The News Aggregator illustrates the handoff. Defensive code inside each normalizer already prevents crashes on missing title or webPublicationDate fields. The output is never an exception. But "not an exception" is a long way from "correct." An article with a five-space title passes defensive checks and surfaces in the feed as blank. A timestamp the API sent as the string "null" survives try_fields and displays as "Invalid Date." Validation catches both before they reach the user.

The main examples use the Weather Dashboard from Chapter 8 because weather responses make structure, content, and business-rule failures easy to see in a small amount of code. The same pattern returns to the News Aggregator in the exercises, where you'll fix the empty-title bug directly.

Why add validation now

Three categories of problem keep surfacing in shipped applications, and defensive programming cannot reach any of them.

Silent corruption: fallback values hide quality issues that then leak into business logic. A missing author becomes ""; a malformed timestamp becomes "N/A"; users see corrupted data with no errors to debug.

Business requirements: some rules are not "nice to have" but load-bearing -- a payment amount must be positive, an email must contain @, a temperature must be physically possible. Defensive programming cannot express any of these.

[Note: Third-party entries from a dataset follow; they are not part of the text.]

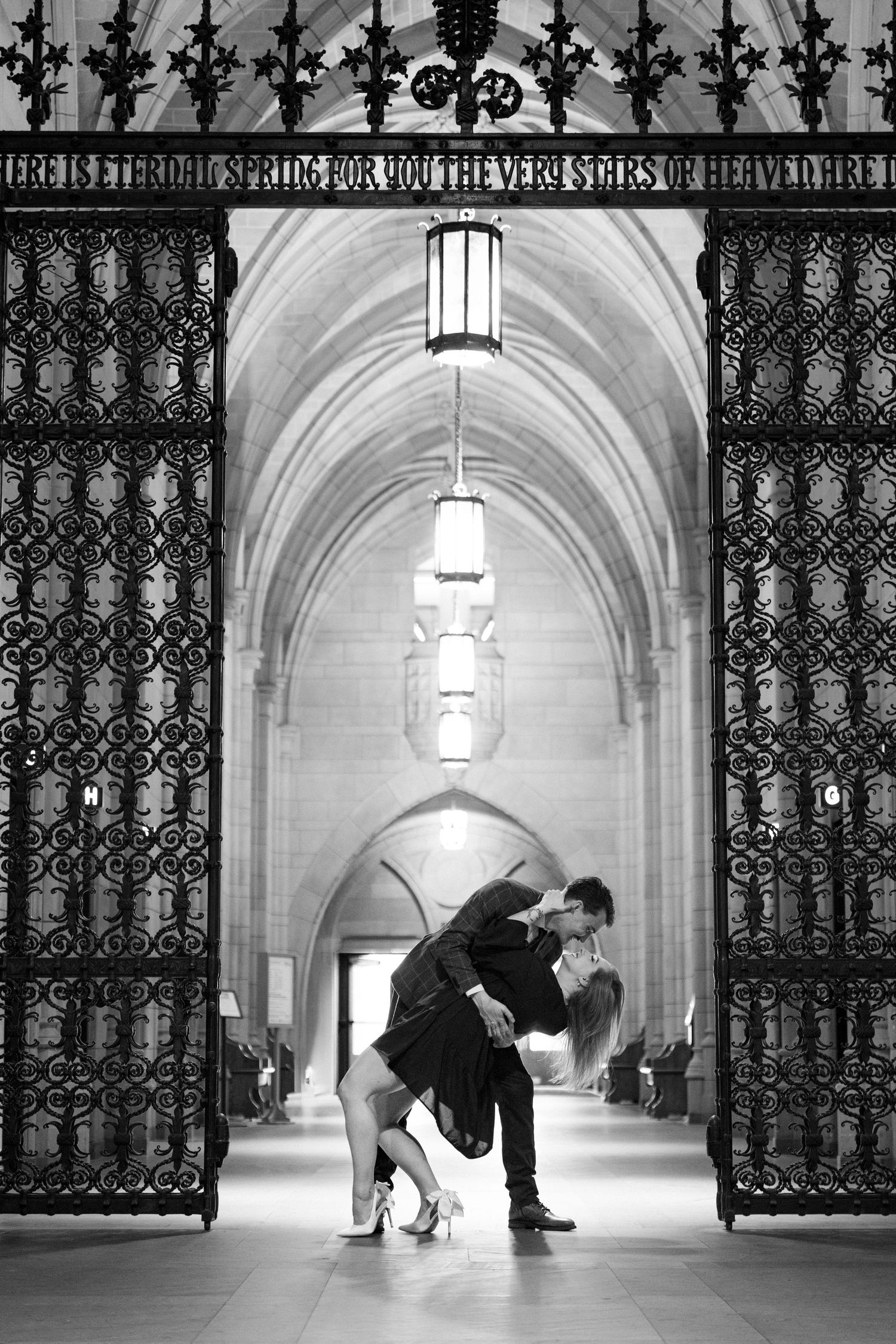 Black and white romantic dip kiss framed by ornate iron gates inside a grand Gothic archway.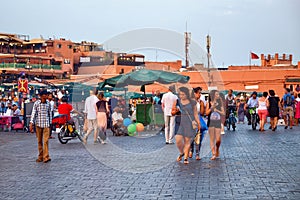 MARRAKESH, MOROCCO - JUNE 03, 2017: Evening in the famous Jemaa el-Fnaa square also Jemaa el-Fna, Djema el-Fna, or Djemaa el-Fnaa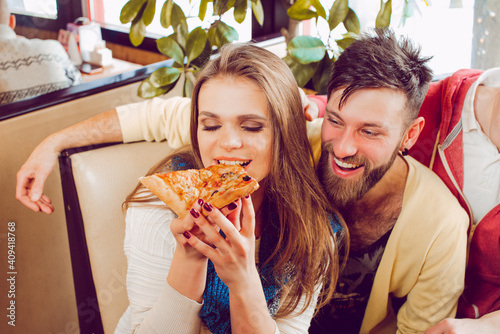 The company of guys in the pizzeria. A guy hugs a girl who bites a slice of pizza. Couple at the pizzeria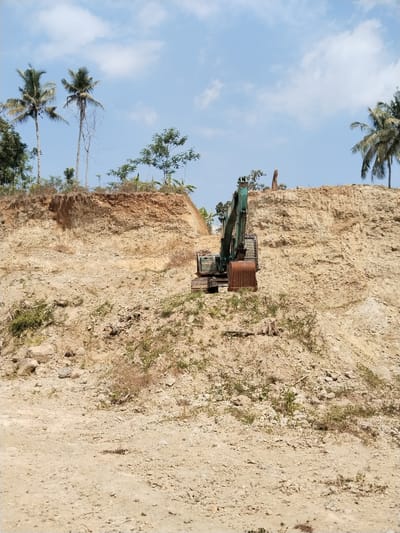 A wide shot shows an excavator situated on a large, excavated dirt embankment under a blue sky with scattered clouds. The embankment is composed of layered soil and rock, with some sparse vegetation growing on its surface and at its base. Several palm trees are visible on the ridge of the embankment, with one on the far left, two in the center left, and another on the far right. The excavator, a green machine with a large, rusty bucket, is positioned in the middle of the embankment, appearing to be stationary. The ground in the foreground is rough and sandy with scattered rocks and small plants. The scene appears to be a construction or excavation site.
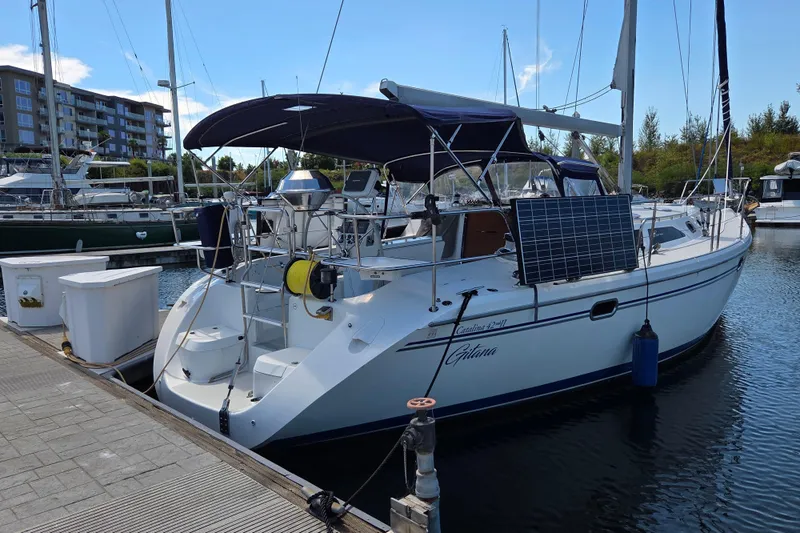  Yacht Photos Pics 2007 Catalina 42 MkII sailboat docked, featuring solar panels and a spacious deck.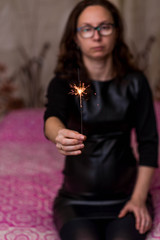 Obraz na płótnie Canvas Girl holds sparkler in her hands, soft focus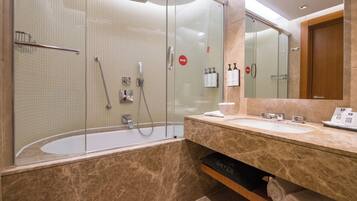 A modern bathroom with a glass-enclosed shower, a bathtub, and a vanity with a mirror.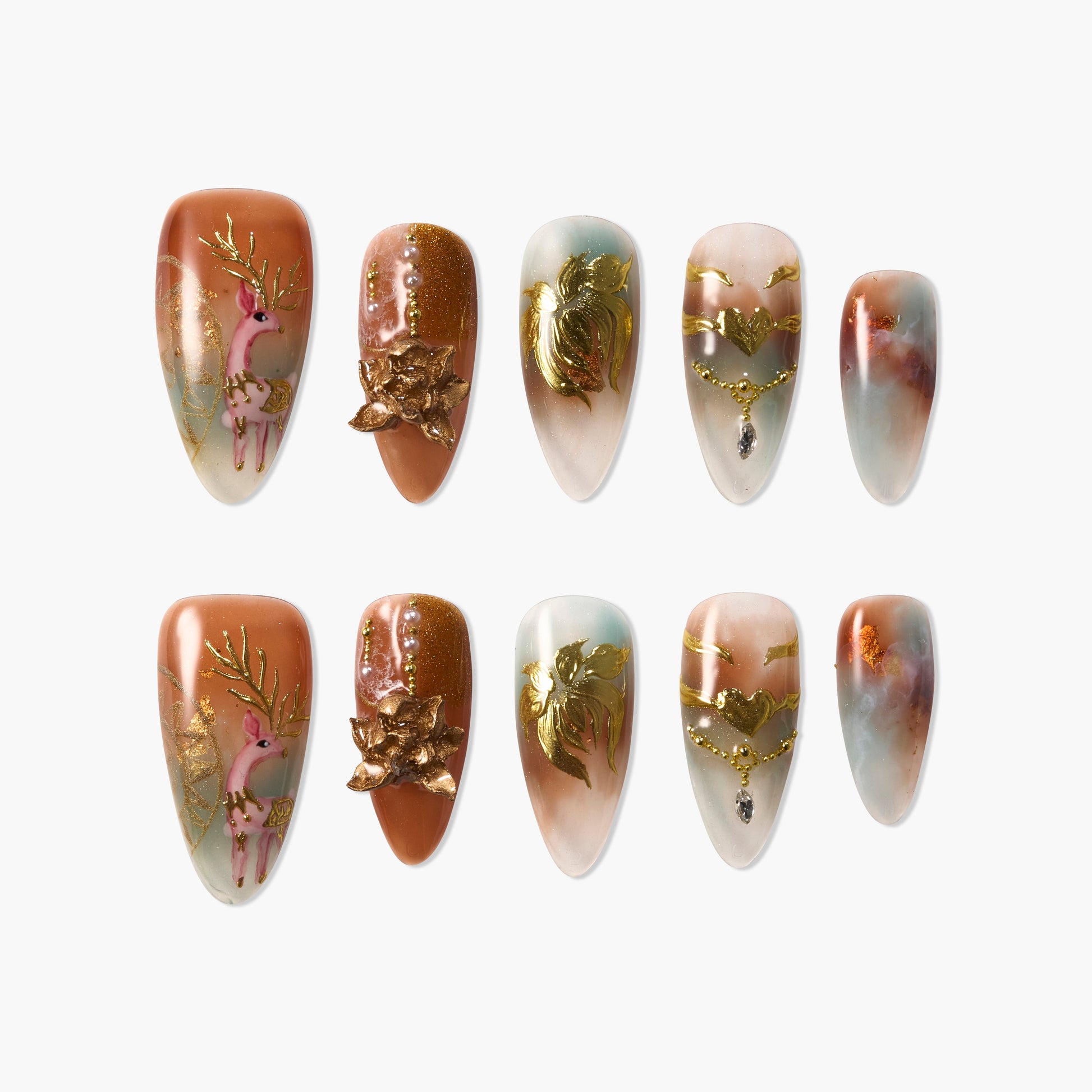 Handmade press-on nails set with gold reindeer, floral, and marble designs on mixed pastel hues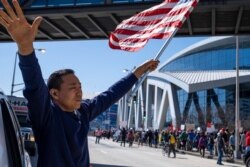 Hailun Song waves a U.S. flag and cheers marchers as a "Stop Asian hate" rally in downtown Atlanta passes by, March 20, 2021.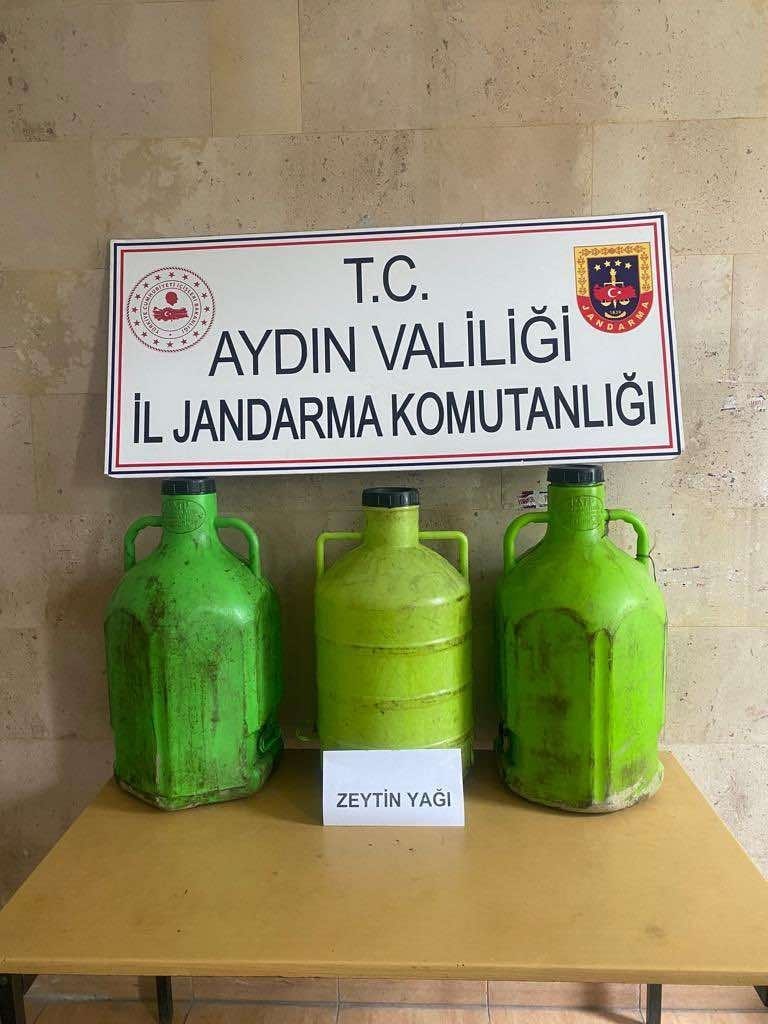 AYDIN’IN GERMENCİK İLÇESİNDE ZEYTİNYAĞI HIRSIZLIĞI GERÇEKLEŞTİREN ŞÜPHELİ ŞAHIS JANDARMA EKİPLERİ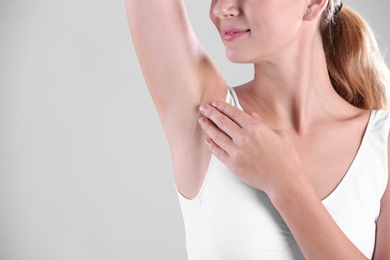 Photo of Young woman showing armpit on grey background, space for text. Using deodorant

Clear failures: when data does not meet a requirement, you want a specific rejection at the boundary, not silent corruption three modules downstream.

The answer is not "defensive programming or validation" but both, with each doing the work it is designed for. You keep the safe_get / try_fields / fallback pattern everywhere you handle external data. You add validation at specific boundaries where quality matters. The result is an application that is both resilient (handles unexpected situations without crashing) and reliable (produces trustworthy output).

What you'll learn

Separate "safe" data (won't crash your code) from "valid" data (meets your requirements), and know when each discipline applies
Implement three-layer validation (structural, content, business rules) as a sequential pipeline
Write manual validators with clear error messages and fail-fast semantics that keep downstream code simple
Use JSON Schema to declare structural and content rules once and run them with the jsonschema library
Combine schemas with manual functions in a hybrid approach that lets each one do what it is best at
Place validation at the right architectural boundaries -- API client, service layer, application layer -- and test it systematically

What you'll build

validators.py -- three manual validator functions (structure, content, business rules) and the validate_weather_data pipeline that chains them
weather_schema.json -- the same structural and content rules expressed as a JSON Schema, run through jsonschema.validate
hybrid_validate.py -- schema-first structural and content pass, followed by hand-written business-rule checks
user_validator.py and user_hybrid.py -- the end-of-chapter exercise: the same user-profile validator built first as three manual layers, then converted to the hybrid schema-plus-Python pattern from section 5
forecast_validator.py -- a multi-day forecast validator with rules that span multiple fields (min <= max, array length parity)

Prerequisites

This chapter assumes you have the News Aggregator from Chapter 11 working, including the api_helpers.py toolkit from Chapter 10 (safe_get, try_fields, extract_items_and_meta) and the Article dataclass. Validation examples stand on top of that foundation -- the code blocks here assume from api_helpers import ... still works and do not redefine any of those helpers.

You also need the jsonschema library for sections 4 and 5. Install it with pip install jsonschema when you get there; earlier sections use only the standard library.